Khartoum n’est plus aujourd’hui que l’ombre d’elle-même. Ravagée, défigurée par les stigmates des combats… Les immeubles sont détruits et brûlés. Les impacts de balles et de bombardements sont partout ; les routes existent difficilement. Le palais présidentiel, bâtiment pharaonique offert par la Chine, est aujourd’hui complètement éventré. C’est la même chose pour le siège de l’armée qui incarnait pourtant le cœur du pouvoir : les infrastructures sont anéanties.

Aujourd’hui, 90% des hôpitaux de la ville ne fonctionnent pas. Les écoles rouvrent doucement. Le réseau électrique repart, mais les coupures sont quotidiennes.

Une partie de ceux qui avaient fui la guerre sont rentrés.

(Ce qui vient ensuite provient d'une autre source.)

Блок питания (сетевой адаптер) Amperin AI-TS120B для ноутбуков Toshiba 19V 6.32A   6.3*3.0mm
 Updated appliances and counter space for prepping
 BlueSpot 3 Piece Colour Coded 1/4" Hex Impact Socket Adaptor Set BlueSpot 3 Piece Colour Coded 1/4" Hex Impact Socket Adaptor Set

Les Nations unies estiment qu’1,5 million de déplacés sont déjà revenus à Khartoum. D’abord parce que les affrontements ont cessé ici : dans les quartiers où il y avait encore, il y a un an, des bombardements et des combats, tout est aujourd’hui fini.

Selon l’ONU, il y a 11,5 millions de déplacés internes au Soudan. Les plus chanceux vivent chez des proches. Les autres, dans des camps qui manquent de tout, d’eau, de nourriture et d’hygiène. Il y a aussi une volonté politique des autorités soudanaises – le Conseil de souveraineté dont le président est le commandant de l’armée – de pousser les déplacés à rentrer chez eux, pour un retour à la normale à marche forcée.

La menace des mines
Certaines traces de la guerre continuent à faire des ravages. C’est dans le quartier d’Omdurman, à côté du marché Libya, que Baderaldeen Abdahramane a été blessé par un explosif. « J’ai vu des enfants jouer avec un missile antiaérien. J’avais vu cette bombe sur un véhicule des FSR [Forces de soutien rapide, NDLR]. Quand je le leur ai pris, l’engin a explosé. J’ai perdu mes doigts. Les conséquences sont lourdes. » Ce mécanicien ne peut désormais plus travailler.

Les accidents comme le sien sont quasi quotidiens à Khartoum. « Il y a toujours sept champs de mines dans la ville sur lesquels travaillent nos équipes, explique Sehar Mustafa, qui est chargée de l’assistance aux victimes pour le Centre national d’action contre les mines. On les trouve notamment à Bhari, Kudaru, dans le Nord de Khartoum. Les mines font beaucoup de victimes. Certaines meurent. D’autres perdent des membres ou l’ouïe. »
Sur le terrain, Hisham Alboshari sonde le sol. Équipé d’un gilet, d’un casque et d’un détecteur, il vient de repérer un explosif. « L’étape qui vient maintenant, indique-t-il, est celle du démineur. À la fin de la journée, nous ferons exploser tous les engins détectés. Ici, à Khartoum, on trouve différents explosifs, surtout des mines anti personnelles et antichars. » Selon les autorités soudanaises, plus de 60 000 engins explosifs ont déjà été retirés de la capitale.